The game was called “Jack-in-the-Bush.” The game consisted of two players and an even number of dried corn kernels (probably 10 for each player).
Without letting the opponent see, a player would place a given number of kernels in his hand and close it. Holding out the closed hand, the player would start an exchange:
- Player One: “Jack in the Bush.”
- Player Two: “Cut him down.”
- Player One: “How many licks?”
At this point, Player 2 would guess a number. Player 1 would then reveal the amount of kernels in his hand.
If Player 2 guessed too low or two high, that player would have to supply the amount of kernels to make the number even. For example:
- if Player 1 had five kernels in his hand and Player 2 guessed seven, then Player 2 would have to give Player 1 two of his kernels;
- if Player 2 guessed two, then Player 2 would have to give Player 1 five kernels;
- if Player 2 guessed the exact number, in this case five, Player 1 would have to give Player 2 all five kernels.
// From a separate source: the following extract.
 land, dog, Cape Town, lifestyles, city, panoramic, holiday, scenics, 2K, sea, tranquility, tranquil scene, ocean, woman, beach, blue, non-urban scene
Then it would be Player 2’s turn.
It seems like we played this game a lot during a few summers spent on visits. I can’t really remember playing it at home. And, if this sounds like a dull game, keep in mind that this was a time when there were just 3 television channels on a clear night, and all channels stopped broadcasting around midnight.
But I’m curious to the game’s origins. Was this game just one that was played in the area (Boones Mill, Virginia)?
Was it played in different parts of the country with different elements? I found a reference to the game on a page about Dry Fork. It mentions Buckhorn Mountain, which is in Washington state. So it seems like the game was pretty popular at one time.
Now that I have young children, I’d like to eventually teach them the game and I’d like to know some context.
Does anyone know the history of Jack in the Bush?